The execution code in int main() are the same as previous, except that we use sizing_2d_func size_field(&shp); for the user-defined sizing field, instead of the automatic sizing field sizing_2d_automatic size_field(&shp,K);.

The example code generates the following mesh, where the triangles close to the origin are the smallest, and gradually grows larger towards $(1,1)$.

Shape boolean operations

We can perform boolean operations on shapes. Suppose $d_{A}$ and $d_{B}$ are the signed distance fields for two shapes, $A$ and $B$, then the signed distance field from their boolean operations can be computed as follows [1]:

Union: $\quad d_{A\cup B}(x,y)=\min (d_{A}(x,y), d_{B}(x,y))$

Difference: $\quad d_{A\backslash B}(x,y)=\max (d_{A}(x,y), -d_{B}(x,y))$

Intersection: $\quad d_{A\cap B}(x,y)=\max (d_{A}(x,y), d_{B}(x,y))$

These operations are implemented in the code as shape_2d derived class objects that we can create, and they are shape_2d_union, shape_2d_difference and shape_2d_intersection, respectively.

An example implementation is provided in the file primitive_shape_meshing_boolean_sdf.cc. The final mesh looks as follows:

To create this shape, we first create four circles with some overlapping regions.
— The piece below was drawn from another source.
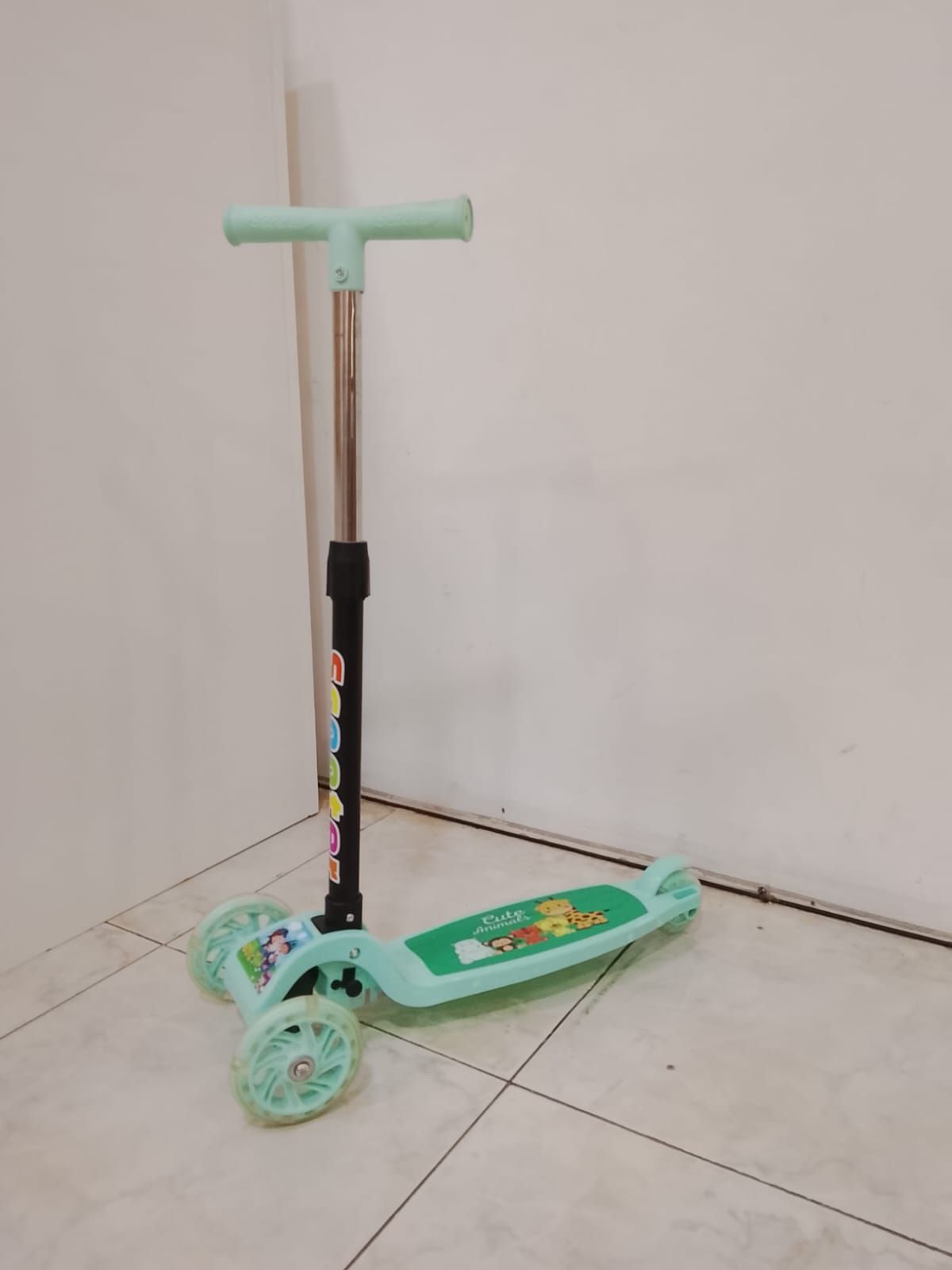 Un patinete de tres ruedas de color verde claro está arrinconado contra una pared y un suelo blancos.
And we do intersections for pairs of circles, to obtain the four leafy shapes.

//A. Intersection
shape_2d_circle cdl(con,num_t,0.15,0.4,0.4);
shape_2d_circle cdr(con,num_t,0.15,0.6,0.4);
shape_2d_circle cul(con,num_t,0.15,0.4,0.6);
shape_2d_circle cur(con,num_t,0.15,0.6,0.6);

shape_2d_intersection leafd(con,num_t,&cdl,&cdr);
shape_2d_intersection leafl(con,num_t,&cdl,&cul);
shape_2d_intersection leafu(con,num_t,&cul,&cur);
shape_2d_intersection leafr(con,num_t,&cdr,&cur);

Next, we create a circle in the middle, and perform union of all the shapes created.

//B. Union
shape_2d_circle cm(con,num_t,0.1,0.5,0.5);

shape_2d_union m0(con,num_t,&leafd,&leafl);
shape_2d_union m1(con,num_t,&m0,&leafu);
shape_2d_union m2(con,num_t,&m1,&leafr);
shape_2d_union m3(con,num_t,&m2,&cm);

Lastly, we create a large square, and take the difference of the square and the previous union shape.

//C. Difference
shape_2d_rectangle rec(con,num_t,0.1,0.9,0.1,0.9);

shape_2d_difference shp_final(con,num_t,&rec,&m3);

Custom shape from user-defined signed distance function (SDF)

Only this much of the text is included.